To be continued ...  


Wednesday, January 18, 2012

My Take on Rejection. It 'Ain't' About You.

I want to let you in on a little secret. Rejection happens to all of us. No matter the race, age, physical features, gender, education, intelligence or lack thereof, sexuality, class, or bank balance.  Even the strikingly attractive get rejected: we only see the ‘yeses’ while we never get to see the ‘no’s’. We tend to take rejection personally as a verdict on how physically, socially, and interpersonally attractive (or unattractive) we are. We have to remember that for the vast majority of cases rejection is not about us. There are a number of reasons why someone is not interested in us, and nearly all of them have very little to do with us in totality. They may have rejected our offer - but not necessarily us.

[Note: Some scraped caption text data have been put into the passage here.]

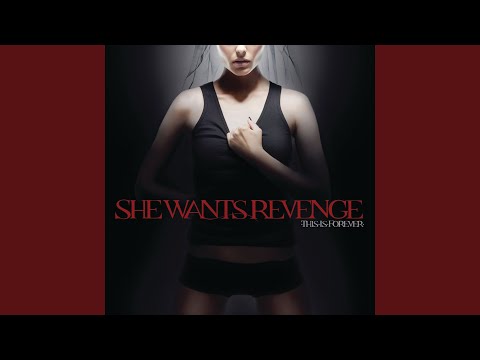 She Will Always Be A Broken Girl - She Wants Revenge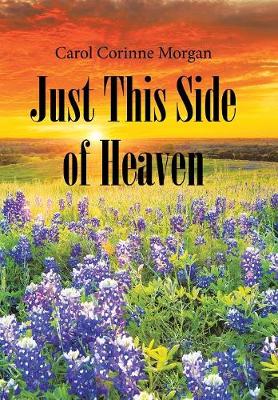 Just This Side of Heaven (Hardback)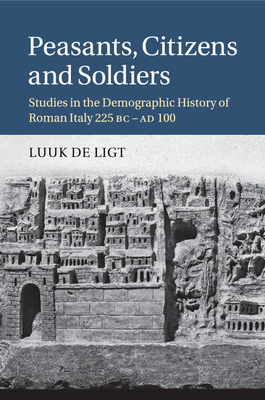 Peasants, Citizens and Soldiers: Studies in the Demographic History of Roman Italy 225 BC-AD 100 - de Ligt, Luuk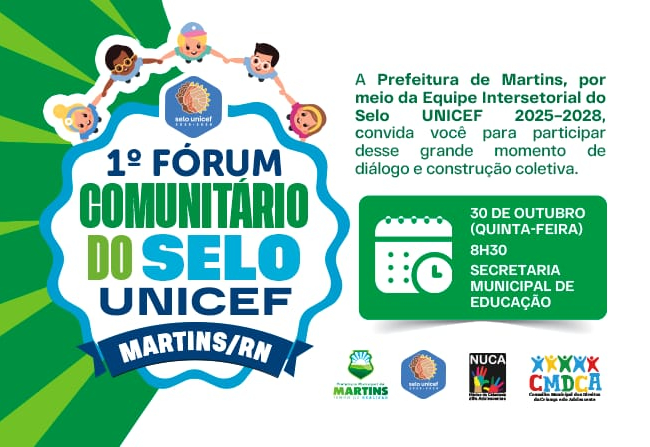 Martins realiza 1º Fórum Comunitário do Selo UNICEF 2025–2028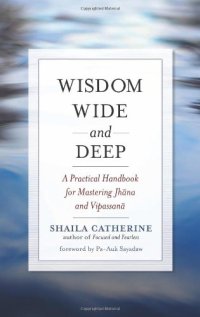 cover of the book Wisdom Wide and Deep: A Practical Handbook for Mastering Jhana and Vipassana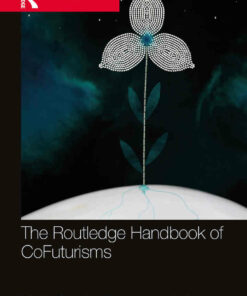 The Routledge Handbook of CoFuturisms ebook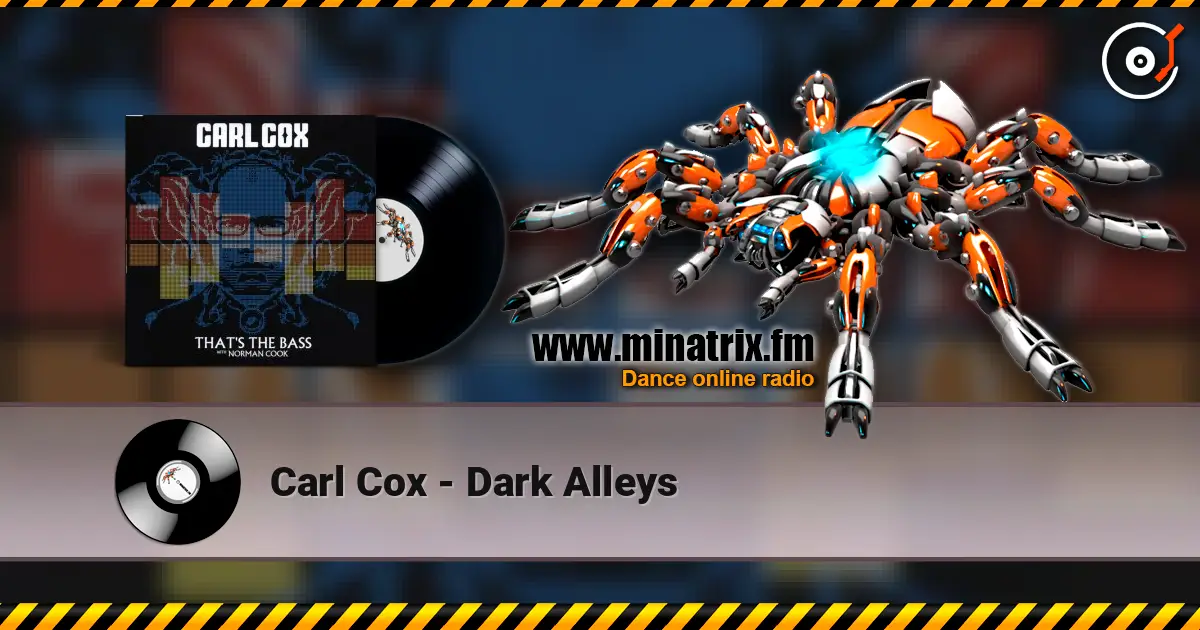 Carl Cox - Dark Alleys слухати онлайн у високій якості | Minatrix.FM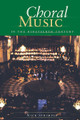 Choral Music In The Nineteenth Century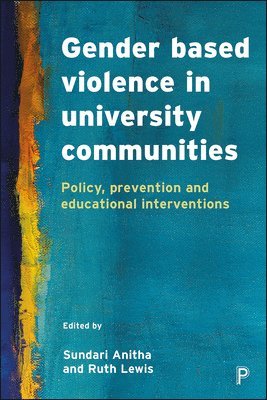Sundari Anitha, Ruth Lewis - Gender Based Violence in University Communities, Inbunden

Here is why I think we are rejected in our attempts to be romantically or erotically involved.  

Sometimes the person is just not into you. We all have preferences and an idea of whom or what we are looking for and it is not always you. Just because we meet someone we like does not mean they will like you. And I would gamble good money that there is someone who would love to be romantically involved with you that you have no intention of returning the affection. And there is nothing wrong with that. No one should have to apologize for his or her predilections. Like my pastor says, the reason Baskin Robbins has so many flavors is not everyone has the same tastes. You may choose vanilla ice cream over chocolate. Nothing against chocolate, you just prefer vanilla. You may not be what the person who rejected you wants, but someone out there likes your flavor and is waiting scoop you up.

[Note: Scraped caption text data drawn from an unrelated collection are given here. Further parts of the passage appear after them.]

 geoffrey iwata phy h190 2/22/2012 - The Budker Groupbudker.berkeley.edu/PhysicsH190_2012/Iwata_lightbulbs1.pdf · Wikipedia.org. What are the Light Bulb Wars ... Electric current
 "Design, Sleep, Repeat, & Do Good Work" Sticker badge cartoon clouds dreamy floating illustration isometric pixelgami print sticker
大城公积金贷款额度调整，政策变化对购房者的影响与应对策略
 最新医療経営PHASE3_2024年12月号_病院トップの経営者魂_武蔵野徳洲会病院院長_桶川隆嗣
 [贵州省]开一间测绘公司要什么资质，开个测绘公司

Some people are just not capable of committing beyond a friendship or sex. They are emotionally unavailable, not mature enough, not ready to stop having multiple sex partners, or just cannot be trusted. So they push you away in order to continue being a free agent.

Maybe the rejection is a way to spare us some major drama down the road. God's Universe is always looking out for us. Just like when we get ready to go someplace we lose our keys. That may be God’s way of guarding you from some impending danger that you would otherwise encounter. We get mad and frustrated when we don’t get what we want when in reality our lives may have just been saved. 

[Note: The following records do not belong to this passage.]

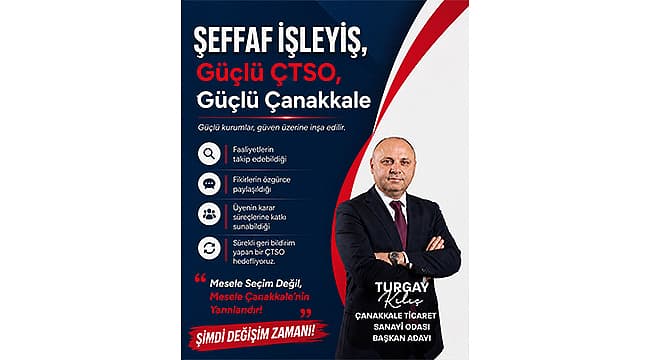TURGAY KILIÇ: "ŞEFFAF İŞLEYİŞ, GÜÇLÜ ÇTSO, GÜÇLÜ ÇANAKKALE"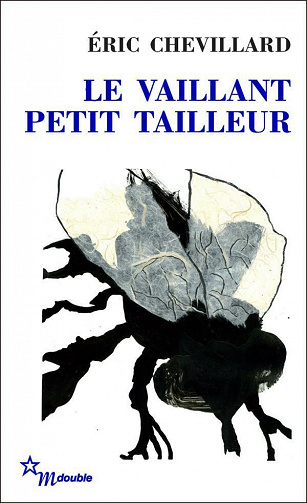 Éric Chevillard - Le Vaillant petit tailleur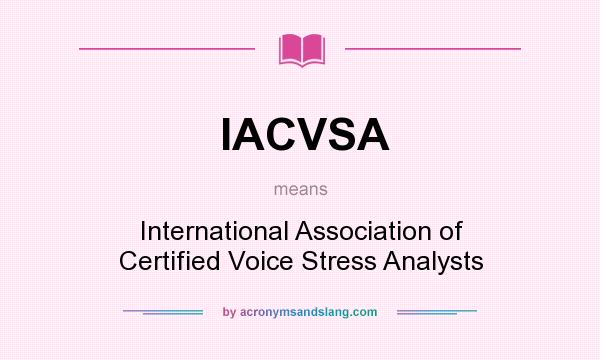 What does IACVSA mean? It stands for International Association of Certified Voice Stress Analysts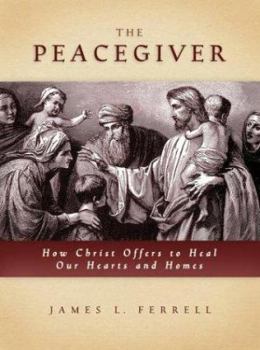 Hardcover The Peacegiver the Peacegiver: How Christ Offers to Heal Our Hearts and Homes Book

A sports metaphor may be appropriate here. Every football team has an offensive coordinator that sits high up in a booth and who calls plays for the offense. The offense may not like the play the coordinator sends down, or even understand why it’s called. But the coordinator sees the whole field and not just what the players see in their immediate view. He sees the entire field and orchestrates a play that will get you positive yards. Just think of God’s Universe as the offensive coordinator. That play – the rejection – was designed to see that you get positive yards downfield and not be stopped cold for a loss.

Perhaps the person is unsure of what they actually feel. Or worse, they are in denial of what they feel. The easiest thing to do in that situation is run. The problem is that they wind up running over, past or through you. Or maybe they actually do know what they feel but are afraid. Again, the fear winds up making you a casualty in a private war pitting their heart against their head.  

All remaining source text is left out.